You see, very often, when adolescent girls are frustrated, angry or upset, they aren’t looking for solutions or advice. They are simply looking to connect with us by feeling understood.
At first glance, we might evaluate the scenario and feel like our teen is blowing things out of proportion or missing out on an obvious solution. But we cannot allow our adult logic and life experience to get in the way of our ultimate goal: to make sure our teens feel connected and understood. And that starts, first and foremost, with active listening.
Active listening involves not just hearing words, but the underlying message. Active listening requires that you pay attention by looking at your teen and avoiding distractions. Show your child that you’re listening by opening up your posture, nodding, and commenting with “uh huh” or “yes.” You might be tempted to interrupt or offer solutions or comments. HOLD YOURSELF BACK and JUST LISTEN to what is being said. Your child is giving you information and perspective. Don’t interrupt or diminish the gift that they are giving you.
Once you have listened, it is important to understand that you cannot cheer someone up by discounting or criticizing their feelings. That is where empathy comes in.
When your child is frantically upset, they are looking to you to empathize with them. They need you to understand their perspective and emotions. ACKNOWLEDGE them. “I get it. That’s really upsetting,” or “I absolutely understand why that would make you angry,” or, “I didn’t get it at first, but now that you explained yourself, I realize why that totally stinks!” or “When I was your age, I got really upset about that too. It was really hard!”

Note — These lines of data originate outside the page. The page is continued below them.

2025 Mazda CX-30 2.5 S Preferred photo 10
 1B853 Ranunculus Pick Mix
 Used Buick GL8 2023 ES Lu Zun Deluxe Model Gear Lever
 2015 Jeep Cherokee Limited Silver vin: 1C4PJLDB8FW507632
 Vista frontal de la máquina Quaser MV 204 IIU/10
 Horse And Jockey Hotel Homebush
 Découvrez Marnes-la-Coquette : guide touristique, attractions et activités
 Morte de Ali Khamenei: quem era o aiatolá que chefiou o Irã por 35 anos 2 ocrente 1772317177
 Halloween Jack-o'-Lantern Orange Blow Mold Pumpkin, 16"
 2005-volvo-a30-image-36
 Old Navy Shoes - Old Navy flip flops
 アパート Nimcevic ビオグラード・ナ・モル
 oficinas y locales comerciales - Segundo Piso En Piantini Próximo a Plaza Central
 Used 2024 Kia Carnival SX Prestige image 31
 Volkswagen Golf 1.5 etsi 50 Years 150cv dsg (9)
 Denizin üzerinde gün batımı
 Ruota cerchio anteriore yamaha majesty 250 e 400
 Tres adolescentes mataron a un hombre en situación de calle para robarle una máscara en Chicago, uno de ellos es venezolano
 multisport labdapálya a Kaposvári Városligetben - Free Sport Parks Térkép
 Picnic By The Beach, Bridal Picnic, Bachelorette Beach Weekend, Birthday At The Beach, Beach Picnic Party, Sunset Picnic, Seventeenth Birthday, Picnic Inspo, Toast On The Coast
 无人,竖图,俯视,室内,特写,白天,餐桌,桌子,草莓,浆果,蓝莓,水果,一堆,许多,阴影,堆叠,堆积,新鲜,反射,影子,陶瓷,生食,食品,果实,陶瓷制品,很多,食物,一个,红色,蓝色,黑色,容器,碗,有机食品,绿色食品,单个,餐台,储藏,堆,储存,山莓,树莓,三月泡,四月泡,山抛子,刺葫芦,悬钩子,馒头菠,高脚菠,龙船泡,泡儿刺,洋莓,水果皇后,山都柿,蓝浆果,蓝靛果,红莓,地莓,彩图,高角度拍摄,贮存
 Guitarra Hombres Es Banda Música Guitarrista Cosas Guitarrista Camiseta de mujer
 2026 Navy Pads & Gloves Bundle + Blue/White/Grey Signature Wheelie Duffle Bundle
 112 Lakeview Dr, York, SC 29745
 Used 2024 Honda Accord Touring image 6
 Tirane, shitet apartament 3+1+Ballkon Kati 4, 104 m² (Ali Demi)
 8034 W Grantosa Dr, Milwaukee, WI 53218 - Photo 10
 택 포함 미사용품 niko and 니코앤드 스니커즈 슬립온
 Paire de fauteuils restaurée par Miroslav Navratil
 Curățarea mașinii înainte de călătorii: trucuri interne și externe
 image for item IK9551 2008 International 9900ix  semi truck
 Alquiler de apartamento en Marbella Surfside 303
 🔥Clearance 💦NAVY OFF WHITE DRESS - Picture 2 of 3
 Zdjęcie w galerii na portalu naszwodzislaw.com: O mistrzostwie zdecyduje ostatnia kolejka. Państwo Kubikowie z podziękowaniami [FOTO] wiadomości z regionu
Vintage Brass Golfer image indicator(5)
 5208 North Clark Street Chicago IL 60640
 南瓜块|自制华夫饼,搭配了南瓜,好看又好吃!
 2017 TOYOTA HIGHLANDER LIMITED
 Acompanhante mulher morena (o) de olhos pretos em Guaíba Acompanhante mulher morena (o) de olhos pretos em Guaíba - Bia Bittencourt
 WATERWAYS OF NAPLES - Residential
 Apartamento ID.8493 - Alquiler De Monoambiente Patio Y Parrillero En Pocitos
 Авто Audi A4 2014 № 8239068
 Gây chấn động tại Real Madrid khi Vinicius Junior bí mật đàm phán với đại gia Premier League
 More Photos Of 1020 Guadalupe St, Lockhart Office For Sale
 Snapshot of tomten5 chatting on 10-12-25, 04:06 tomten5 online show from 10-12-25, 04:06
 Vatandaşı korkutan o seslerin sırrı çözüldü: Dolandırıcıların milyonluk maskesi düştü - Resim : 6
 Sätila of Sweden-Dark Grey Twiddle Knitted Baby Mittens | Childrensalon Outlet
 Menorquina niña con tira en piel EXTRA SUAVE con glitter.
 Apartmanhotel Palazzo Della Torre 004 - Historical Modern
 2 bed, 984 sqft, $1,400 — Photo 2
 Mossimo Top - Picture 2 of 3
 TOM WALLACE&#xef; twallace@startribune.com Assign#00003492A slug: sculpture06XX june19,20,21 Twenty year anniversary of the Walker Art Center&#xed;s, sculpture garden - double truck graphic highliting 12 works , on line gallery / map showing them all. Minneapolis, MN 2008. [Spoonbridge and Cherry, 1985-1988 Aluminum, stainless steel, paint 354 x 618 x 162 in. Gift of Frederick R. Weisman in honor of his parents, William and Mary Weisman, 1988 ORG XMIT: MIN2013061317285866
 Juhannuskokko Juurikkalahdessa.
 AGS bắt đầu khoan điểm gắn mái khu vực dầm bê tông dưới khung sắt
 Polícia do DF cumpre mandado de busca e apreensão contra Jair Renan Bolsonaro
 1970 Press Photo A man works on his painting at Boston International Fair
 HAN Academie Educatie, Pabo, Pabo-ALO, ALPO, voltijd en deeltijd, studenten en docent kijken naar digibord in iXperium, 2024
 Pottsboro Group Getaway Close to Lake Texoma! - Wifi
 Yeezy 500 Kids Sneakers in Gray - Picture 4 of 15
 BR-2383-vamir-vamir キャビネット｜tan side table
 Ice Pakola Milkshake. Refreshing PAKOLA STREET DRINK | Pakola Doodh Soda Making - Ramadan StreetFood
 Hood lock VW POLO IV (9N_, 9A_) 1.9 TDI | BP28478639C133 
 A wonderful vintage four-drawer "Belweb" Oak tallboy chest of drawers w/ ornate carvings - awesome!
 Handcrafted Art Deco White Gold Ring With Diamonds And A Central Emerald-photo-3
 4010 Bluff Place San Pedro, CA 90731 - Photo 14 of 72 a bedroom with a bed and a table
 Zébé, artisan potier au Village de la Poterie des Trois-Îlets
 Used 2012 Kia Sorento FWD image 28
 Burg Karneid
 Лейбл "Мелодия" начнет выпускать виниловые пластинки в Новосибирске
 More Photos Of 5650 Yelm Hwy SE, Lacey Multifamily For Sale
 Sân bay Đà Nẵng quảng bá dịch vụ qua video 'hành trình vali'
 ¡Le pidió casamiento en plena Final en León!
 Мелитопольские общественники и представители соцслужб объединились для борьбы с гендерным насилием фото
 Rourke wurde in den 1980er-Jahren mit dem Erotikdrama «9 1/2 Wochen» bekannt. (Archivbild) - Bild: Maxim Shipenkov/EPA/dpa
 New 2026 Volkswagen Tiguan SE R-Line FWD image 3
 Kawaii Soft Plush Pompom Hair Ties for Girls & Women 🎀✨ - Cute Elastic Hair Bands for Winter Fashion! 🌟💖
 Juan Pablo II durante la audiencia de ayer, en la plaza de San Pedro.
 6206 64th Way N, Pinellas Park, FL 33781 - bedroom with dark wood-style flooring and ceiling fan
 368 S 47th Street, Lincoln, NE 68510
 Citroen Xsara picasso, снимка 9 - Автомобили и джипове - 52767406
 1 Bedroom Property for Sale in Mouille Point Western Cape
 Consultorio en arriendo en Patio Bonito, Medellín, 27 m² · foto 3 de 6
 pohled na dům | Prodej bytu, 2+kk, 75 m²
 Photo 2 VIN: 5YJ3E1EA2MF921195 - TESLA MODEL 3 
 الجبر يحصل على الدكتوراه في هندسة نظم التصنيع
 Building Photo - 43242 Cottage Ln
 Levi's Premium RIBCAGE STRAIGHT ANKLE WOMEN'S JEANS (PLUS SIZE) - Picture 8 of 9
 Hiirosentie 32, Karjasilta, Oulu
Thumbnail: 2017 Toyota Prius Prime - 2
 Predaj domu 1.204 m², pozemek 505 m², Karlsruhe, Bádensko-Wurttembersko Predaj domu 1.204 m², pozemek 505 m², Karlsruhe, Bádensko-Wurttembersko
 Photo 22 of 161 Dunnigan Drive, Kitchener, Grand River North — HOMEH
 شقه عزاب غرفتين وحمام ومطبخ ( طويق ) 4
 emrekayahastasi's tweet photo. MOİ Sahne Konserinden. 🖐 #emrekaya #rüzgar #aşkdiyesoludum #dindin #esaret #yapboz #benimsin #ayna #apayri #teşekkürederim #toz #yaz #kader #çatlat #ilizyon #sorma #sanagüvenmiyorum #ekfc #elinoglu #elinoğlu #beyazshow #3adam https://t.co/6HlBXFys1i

Sometimes, the only boost your adolescent needs is to feel like you listened, and you understood. Other times, they might need help finding a solution or seeing another’s perspective. START with listening and empathizing. Then ask them what they would find helpful. They might want a hug, an “I love you” or a strategy for moving forward. When you are present and supportive, they will help guide you in what they need in the moment.